» ASSIGNMENT:
Exactly as written, set down each line of the data below except its pictures.
***** DATASET CONTENT *****
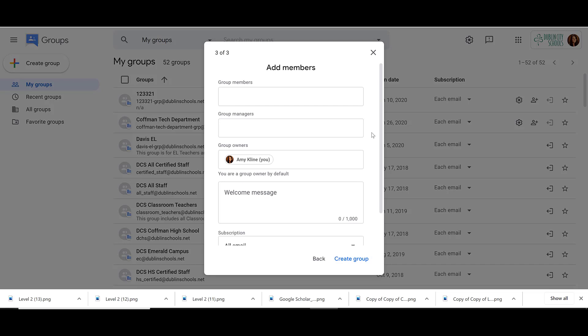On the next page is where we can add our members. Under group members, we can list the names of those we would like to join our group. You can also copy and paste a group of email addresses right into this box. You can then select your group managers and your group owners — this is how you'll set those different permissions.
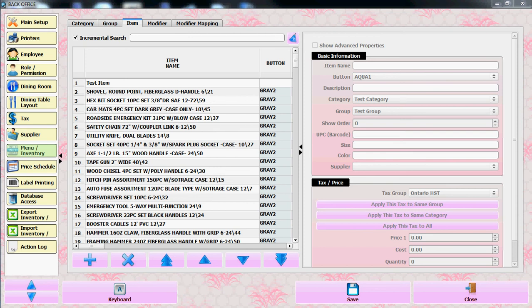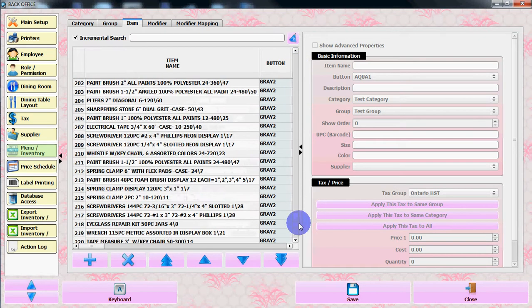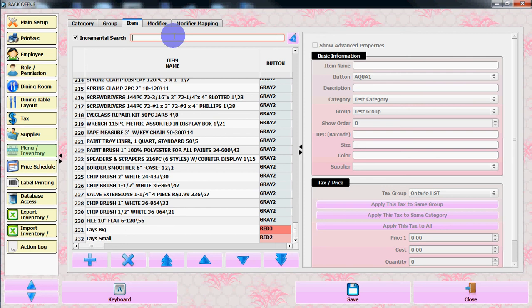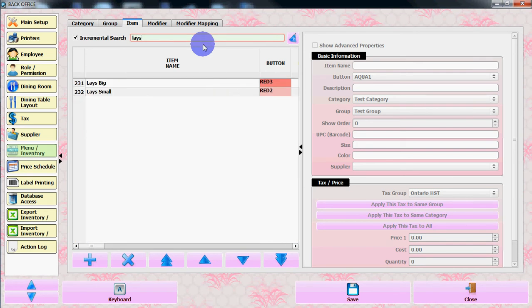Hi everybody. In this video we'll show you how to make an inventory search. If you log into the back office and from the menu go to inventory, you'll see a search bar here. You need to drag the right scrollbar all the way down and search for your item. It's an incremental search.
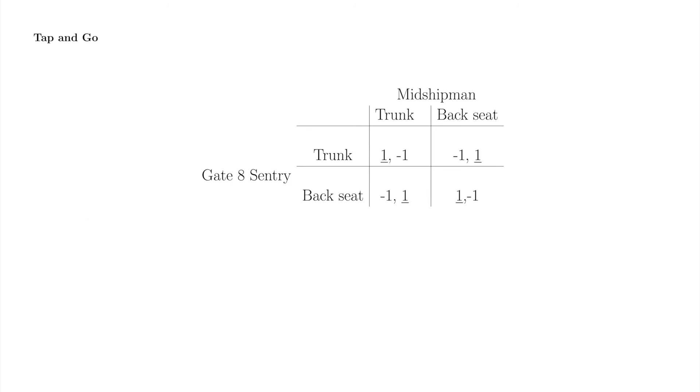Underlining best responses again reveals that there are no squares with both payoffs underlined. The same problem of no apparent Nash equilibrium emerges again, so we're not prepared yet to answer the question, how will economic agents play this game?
*****
» REPLY TO THE TASK:
On the next page is where we can add our members. Under group members, we can list the names of those we would like to join our group. You can also copy and paste a group of email addresses right into this box. You can then select your group managers and your group owners — this is how you'll set those different permissions.
Hi everybody. In this video we'll show you how to make an inventory search. If you log into the back office and from the menu go to inventory, you'll see a search bar here. You need to drag the right scrollbar all the way down and search for your item. It's an incremental search.
Underlining best responses again reveals that there are no squares with both payoffs underlined. The same problem of no apparent Nash equilibrium emerges again, so we're not prepared yet to answer the question, how will economic agents play this game?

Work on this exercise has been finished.